**PROBLEM TO WORK ON**
Your job is to give again, exactly and with no additions, the lines in the records below from the one with "Close-up of white flower blooming outdoors" through the one with "99 Dorr Fitch", both included. Omit the pictures.

** Opening PROVIDED ENTRIES block **

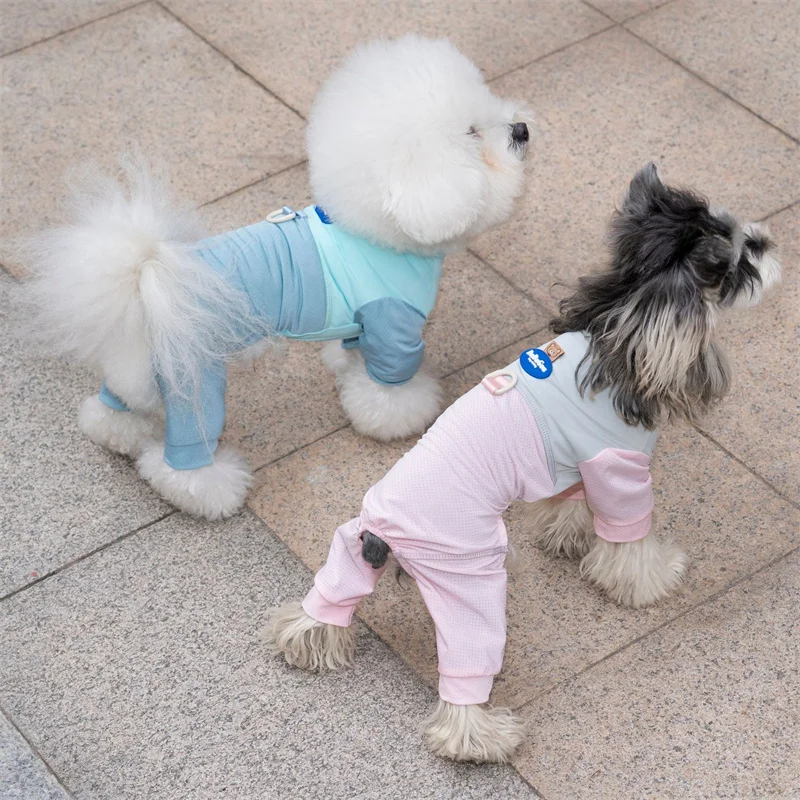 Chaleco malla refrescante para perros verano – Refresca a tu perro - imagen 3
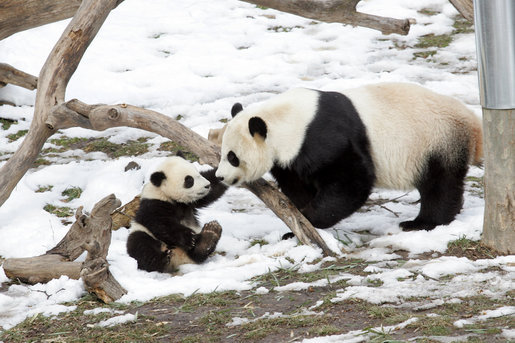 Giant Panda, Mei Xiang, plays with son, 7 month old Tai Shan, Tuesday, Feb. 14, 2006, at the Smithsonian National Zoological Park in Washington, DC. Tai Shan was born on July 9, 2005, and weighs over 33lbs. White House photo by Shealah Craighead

** Closing PROVIDED ENTRIES block **
** Opening PROVIDED ENTRIES block **

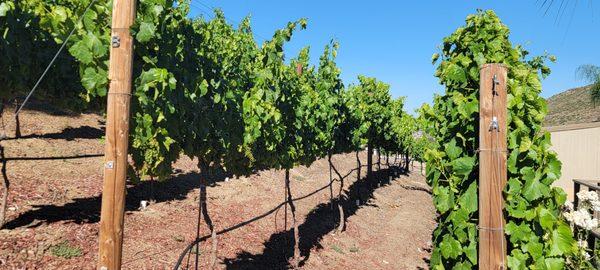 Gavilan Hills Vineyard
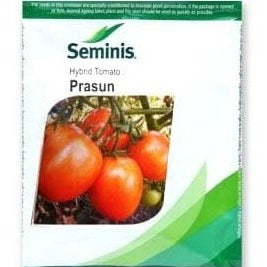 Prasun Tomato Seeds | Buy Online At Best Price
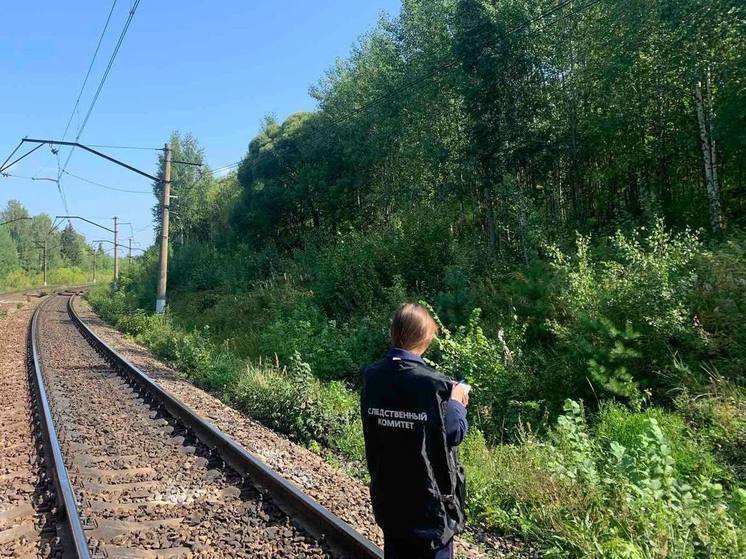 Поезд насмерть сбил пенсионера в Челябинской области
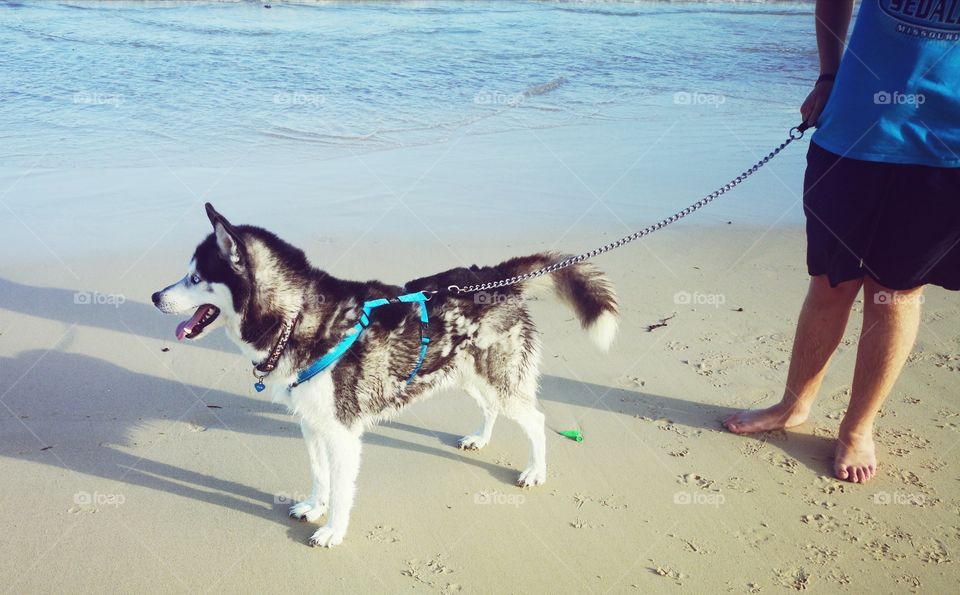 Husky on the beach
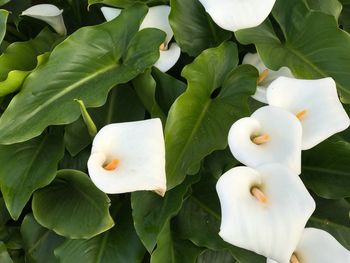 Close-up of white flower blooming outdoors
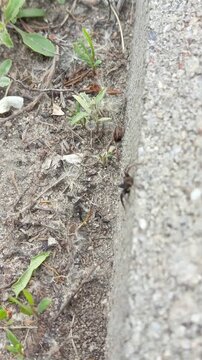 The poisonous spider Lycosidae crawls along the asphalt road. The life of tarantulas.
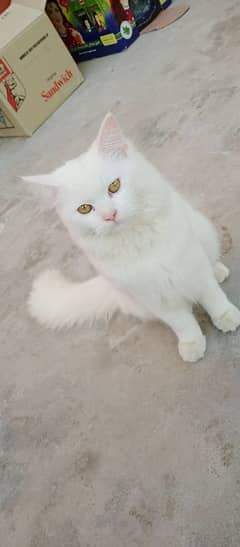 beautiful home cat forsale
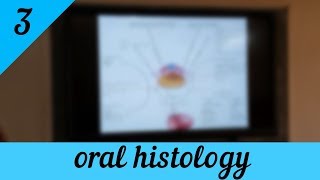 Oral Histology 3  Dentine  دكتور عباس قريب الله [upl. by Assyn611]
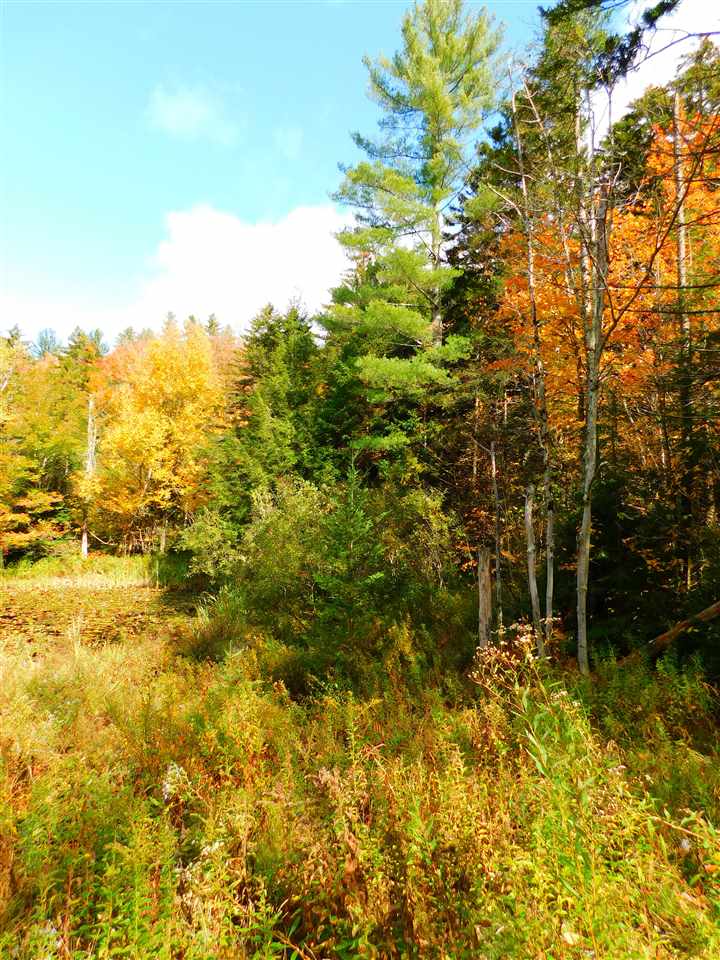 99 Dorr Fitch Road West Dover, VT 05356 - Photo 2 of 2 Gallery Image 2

** Closing PROVIDED ENTRIES block **
** Opening PROVIDED ENTRIES block **

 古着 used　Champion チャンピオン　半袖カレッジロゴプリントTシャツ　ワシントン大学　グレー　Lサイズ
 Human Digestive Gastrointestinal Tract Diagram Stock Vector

** Closing PROVIDED ENTRIES block **

**EXERCISE SOLUTION**
 Close-up of white flower blooming outdoors
 The poisonous spider Lycosidae crawls along the asphalt road. The life of tarantulas.
 beautiful home cat forsale
 Oral Histology 3  Dentine  دكتور عباس قريب الله [upl. by Assyn611]
 99 Dorr Fitch Road West Dover, VT 05356 - Photo 2 of 2 Gallery Image 2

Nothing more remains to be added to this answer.